Ahí
donde le tienen, Julio Martín Cruz (homenajeado, para su sorpresa,
el pasado jueves por los componentes de La Cuesta Becerril en el
centro cívico El Tranvía) es un testigo privilegiado del nacimiento
de la Comunidad Autónoma de Canarias y de la primera experiencia
gubernamental. Ejerció con tanta prudencia como con discreción y
firmeza las responsabilidades que le fueron asignadas en las
secretarías de Juan Alberto Martín, primero; y de Jerónimo
Saavedra, después. Se las tomó tan en serio que en la primera
legislatura almorzó a base de bocadillos y perdió unos cuantos
enlaces de avión para poder estar allí donde se le necesitaba.
Era
funcionario de administración y había sido futbolista. Le
apasionaban el deporte y la comunicación y por eso se licenció en
Ciencias de la Información. Bromista a su manera (“...dades
libres... farmacia de guardia, dígame...”), siempre con las
blancas casitas de su San Andrés como telón de fondo de una vida
que desafió algunos quebrantos de salud.
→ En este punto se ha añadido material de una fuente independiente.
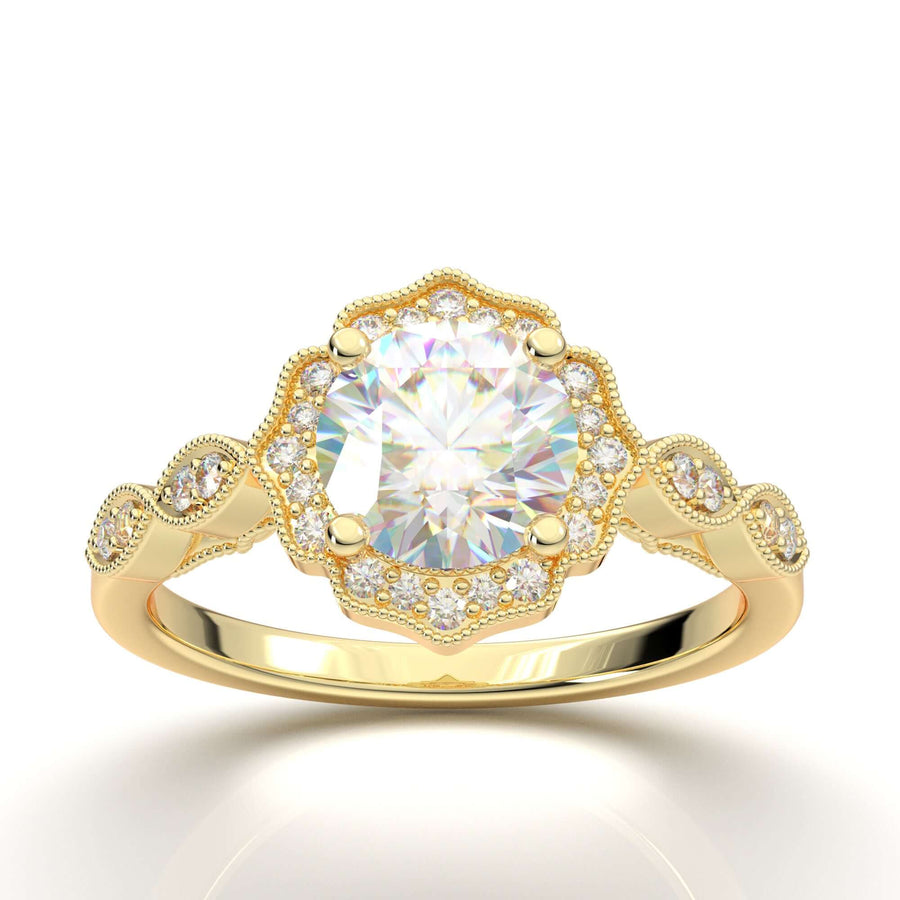 HOME TRY ON--YELLOW GOLD FLORAL MILGRAIN HALO RING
Serio en sus respectivos
cometidos profesionales, se condujo siempre con rectitud, también
cuando emprendió la aventura de trabajar en un ministerio en Madrid.
Allí trabajó con denuedo.
Le
disgustaban los reveses del Tenerife y de la Unión Deportiva. Se
interesaba por los resultados del San Andrés, del Arguijón y del
Estrella, los equipos donde dejó sello y los frutos de su
matrimonio. Incursionó en algún medio, probó con una emisora
doméstica y aún hoy se entretiene con la búsqueda, el
procesamiento y la sistematización de datos. Sus bases consignan
hasta los detalles más nimios.
Pero
no solo de fútbol vivió el hombre, porque la política reclamó
buena parte de sus afanes. De espíritu crítico, casi indomable,
recorrió Canarias de isla en isla; hizo seguimiento de innumerables
resúmenes de prensa; escuchaba la radio para dormirse y no perder
una discusión al día siguiente; asistió a congresos y asambleas de
la organización socialista; facilitó contactos y gestiones con
compañeros; encajó deportivamente -y hasta con sorna- los
sinsabores políticos y procuró siempre un papel de defensa de las
conductas o decisiones de sus jefes.
Una
persona así solo podía corresponderse con un alto sentido de la
amistad, que compartimos en las islas y en esa aventura madrileña
cuando, en la vorágine de los noventa, aguardábamos la primera
edición de los periódicos para luego no conciliar el sueño, a
sabiendas de que al día siguiente había que resistir, verbo que se
conjugaba de mutuo acuerdo.
Ese,
a grandes rasgos, era -y es- Julio quien cumpliría a la perfección
el pensamiento del escritor y fiósofo estadounidense, Ralph W.
Emerson: “La única manera de poseer un amigo es serlo”.
En
tiempos que la amistad, la verdadera, es un bien escaso, uno se
precia de contar con la de Julio Martín Cruz. Sobran razones.